WHAT IS BEING ASKED -
Because the pictures are not wanted, reproduce the rest of the records below exactly as they stand.

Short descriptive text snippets
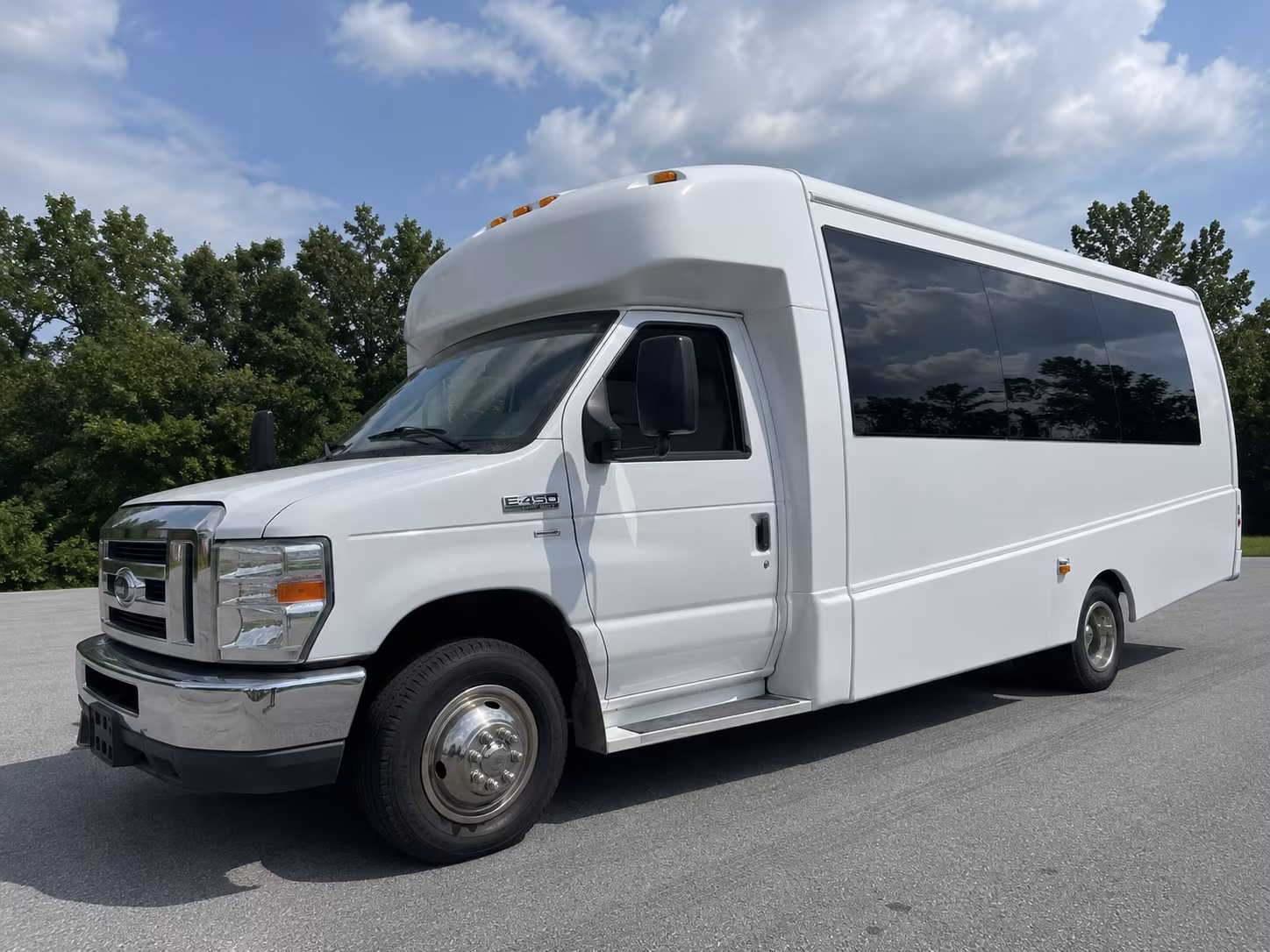 Jacksonville Private Event Transportation party bus exterior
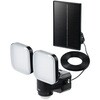 800-LED101 LEDセンサーライト ソーラー充電式 2灯 サンワダイレクト 75092477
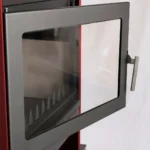 Estufa a Leña Tirolesa Doble Cara Burdeo - Imagen 11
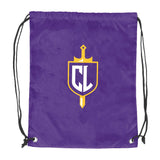 California Lutheran University Purple Cruise Backsack - Logo Brands - Flyclothing LLC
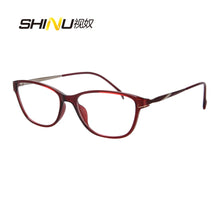 Carica l&#39;immagine nel visualizzatore di Gallery, SHINU Brand Designer Women Glasses Frame Clear Lens Optical Eyeglasses Frame Spectacle Clear Transparent Lens Eyewear Frame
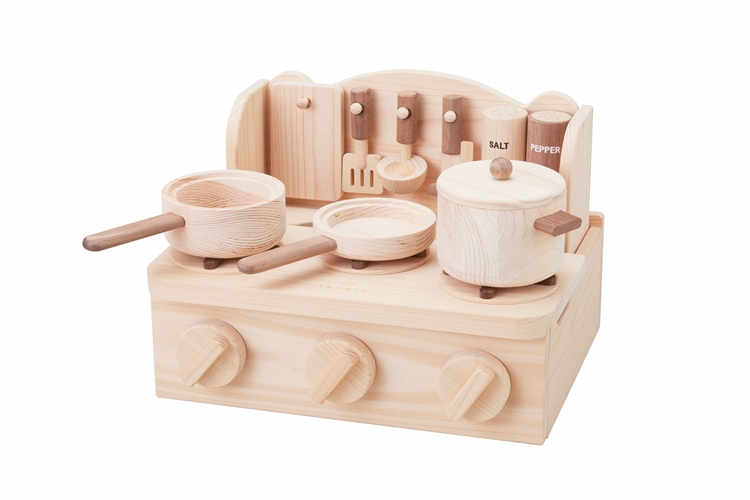 IKONIH ミニキッチン ｜ おもちゃ 子供 こども オモチャ 玩具 プレゼント お祝い 木 出産祝い 安全 オーガニックトイ ファーストトイ ままごど おままごと キッチン アイコニー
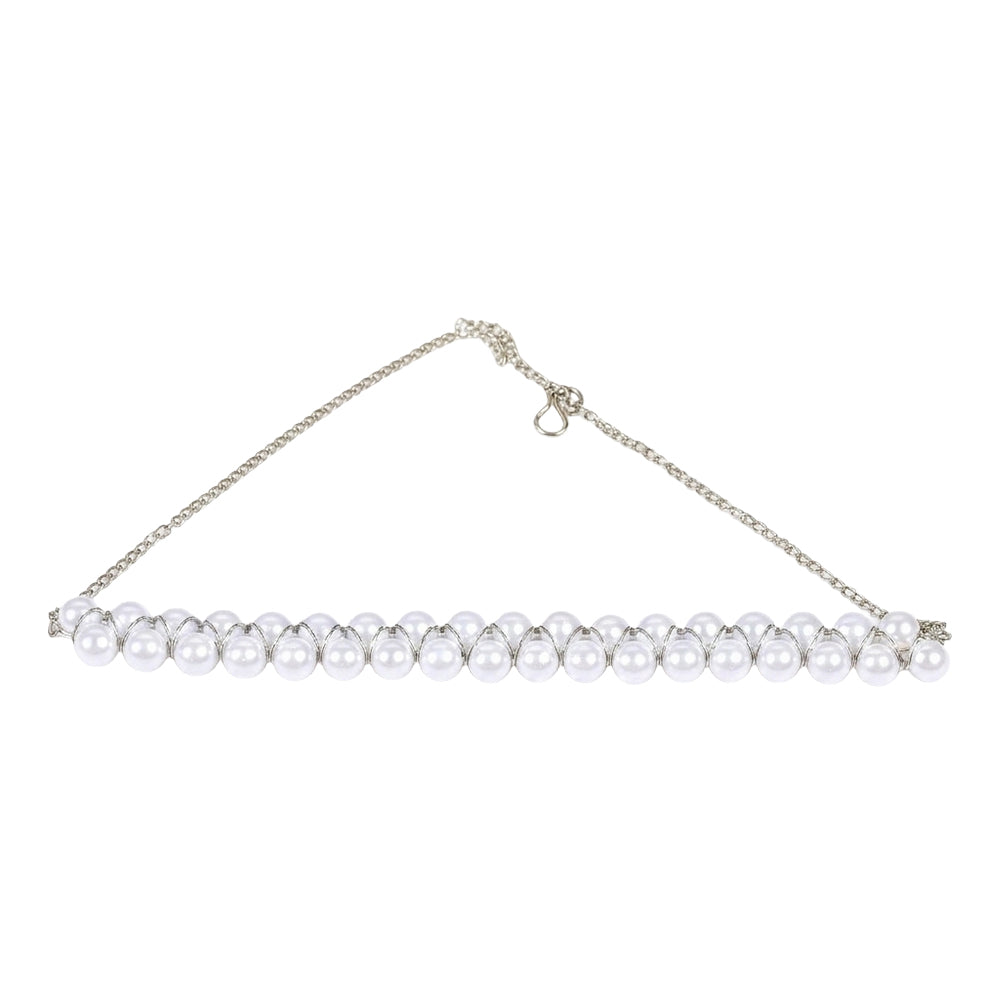 Moonlit pearl choker neckpiece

EXERCISE SOLUTION -
 Jacksonville Private Event Transportation party bus exterior
 800-LED101 LEDセンサーライト ソーラー充電式 2灯 サンワダイレクト 75092477
 Estufa a Leña Tirolesa Doble Cara Burdeo - Imagen 11
 California Lutheran University Purple Cruise Backsack - Logo Brands - Flyclothing LLC
 Carica l&#39;immagine nel visualizzatore di Gallery, SHINU Brand Designer Women Glasses Frame Clear Lens Optical Eyeglasses Frame Spectacle Clear Transparent Lens Eyewear Frame
 IKONIH ミニキッチン ｜ おもちゃ 子供 こども オモチャ 玩具 プレゼント お祝い 木 出産祝い 安全 オーガニックトイ ファーストトイ ままごど おままごと キッチン アイコニー
 Moonlit pearl choker neckpiece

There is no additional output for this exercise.